This will surely be a topic we revisit in the winter of 2019, but for now, Hall of Famer Tom Seaver believes that Yankees shortstop Derek Jeter should be the first man to be unanimously elected to the Baseball Hall of Fame. In a great article on MLB.com, Seaver is quoted as saying as much:
"I've thought about it; Jeter should be the one," Seaver said. "What can you say he hasn't done? He has every credential imaginable -- great player, good citizen. He plays the game properly, respects the game and his predecessors. He's done it in the big city, for one team that wears a uniform of greatness. He has no marks against him. He has the numbers. And he wins.
Seaver also said "I can't see how he won't be."
Unfortunately, I'm going to respectfully disagree with one of baseball's greatest all-time pitchers. Let's leave aside whether or not Jeter should be unanimous, please, and instead focus on if he will be.

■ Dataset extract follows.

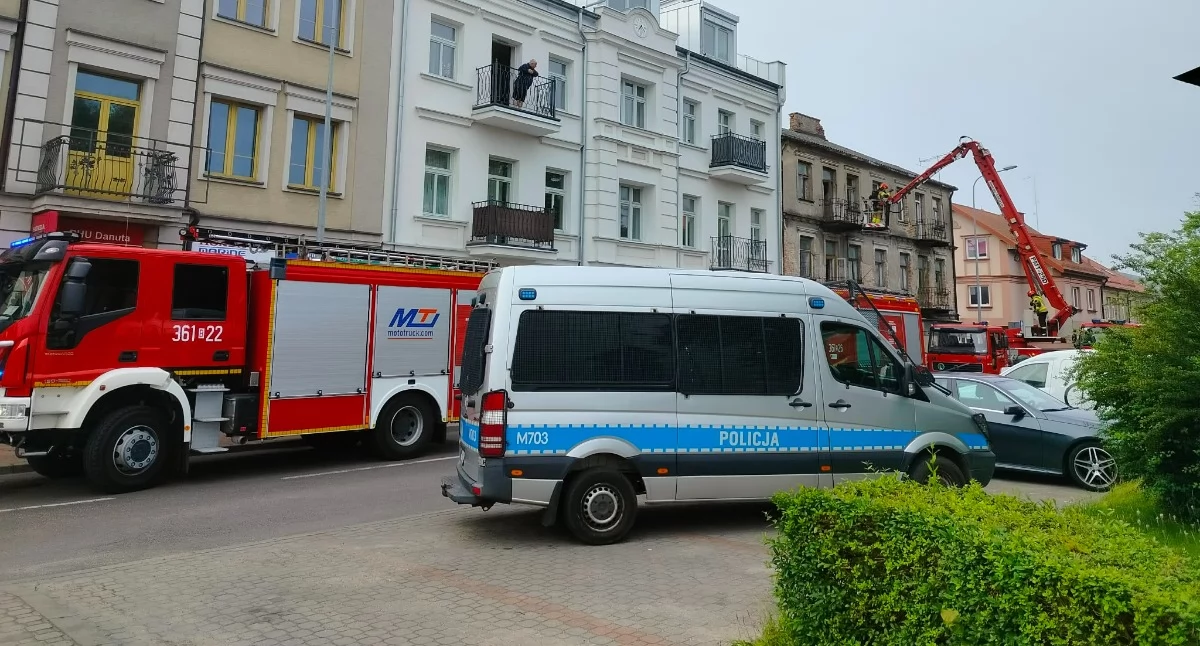 Gęsty dym nad Placem Niepodległości. Strażacy gaszą kamienicę, w środku był człowiek [FOTO]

We've recently seen examples of Greg Maddux, Rickey Henderson and Cal Ripken -- just to name three -- where it's pretty difficult to justify not voting for the guy, and yet more than a handful of voters has decided to not throw them a vote. I only mention those recent names because a lot of the current BBWAA voting body is the same as those voting bodies. Not that anything has changed much. Throughout history, we can talk about players like Babe Ruth, Willie Mays, Ted Williams, Roberto Clemente, Jackie Robinson, Hank Aaron, etc. who didn't get 100 percent of the vote.
I bring this up because there will be at least one voter (I'll guess it's around 10) who neglect to vote for Jeter. Some will do it specifically because no one has ever been a unanimous selection. Others will do something like turn in empty ballots because of some stand against the so-called steroid era. Others, sadly, will probably do it for attention.
Not that this is a huge deal in the grand scheme of things. Jeter will get in on the first ballot and, to bottom line it, that's really the most important thing -- just as it was with all the names listed above. It's more a head-scratcher than anything else (seriously, justify not voting for Greg Maddux, please).
Seaver is the man with the highest voting percentage of all-time, with 98.84 percent of the vote in 1992. Following Seaver, the highest percentages are Nolan Ryan (98.79 in 1999), Ripken (98.53 in 2007), Ty Cobb (98.23 in 1936) and George Brett (98.23 in 1999). In this past election, Maddux got 97.2 percent of the vote. Yes, more than two percent of the BBWAA Hall of Fame voters left Maddux off their ballots. Sigh.
Anyway, I'm sure we'll continue to have discussions like this moving forward with several players, but it's probably best to resign ourselves to the notion that it's very likely no one will ever get 100 percent of the vote. In fact, I'd be surprised if anyone broke Seaver's record.